Algae in Aquarium
Q: I have a 20g long (30" x 12" x 12") with a standard flourescent light over
it, all my water test results are excellent (0 amm., 0 nitrite, 10 nitrate,
pH 6.6) and I'm still having trouble with my plants. My dwarf and narrow
leaf sag got a black "fuzzy" mold on them. Another site suggested
a 3 day black out then remove any leaves with the fuzz still on them,
which I did. my plants still look awful and the black fuzz is coming back.
The black fuzz is the "black beard algae", probably
one of the most common algae types present in planted aquaria.
It appears in condition of low nitrates and excessive phosphates.

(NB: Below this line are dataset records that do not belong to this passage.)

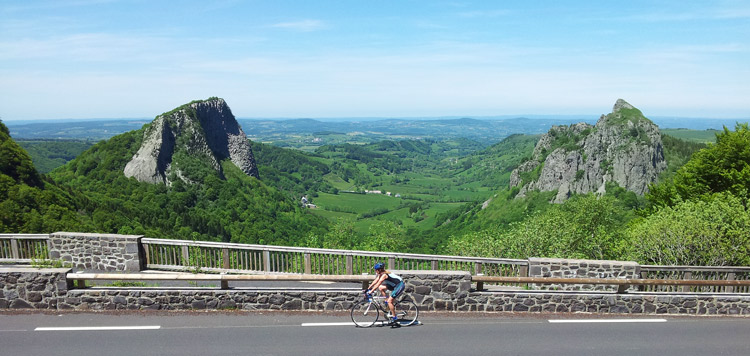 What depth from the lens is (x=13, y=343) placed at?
32.0 feet

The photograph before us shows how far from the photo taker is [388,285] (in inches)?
432

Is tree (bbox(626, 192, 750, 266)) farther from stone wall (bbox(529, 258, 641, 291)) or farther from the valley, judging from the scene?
stone wall (bbox(529, 258, 641, 291))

The blackout, recommended by the other site, is a good measure indeed.
You can try to turn off the lights during the day for a couple hours too
(e.g., 7-12 lights on, 12-2 lights off, 2-7 lights on). Such a break
in the light presence affects the algae's ability to photosynthesize
and stunts its development and growth.
The most common method of controlling this type of algae is
introducing the siamese algae eater fish - this is the only
fish known to feed off this algae.
Another way would be to artificially increase nitrate
concentration by adding potassium nitrate into the tank.
You can read a little more details on this and other types
of algae here:
Q: I cant seem to find any simease algae eaters locally,
should I turn off some of my lighting for the time being?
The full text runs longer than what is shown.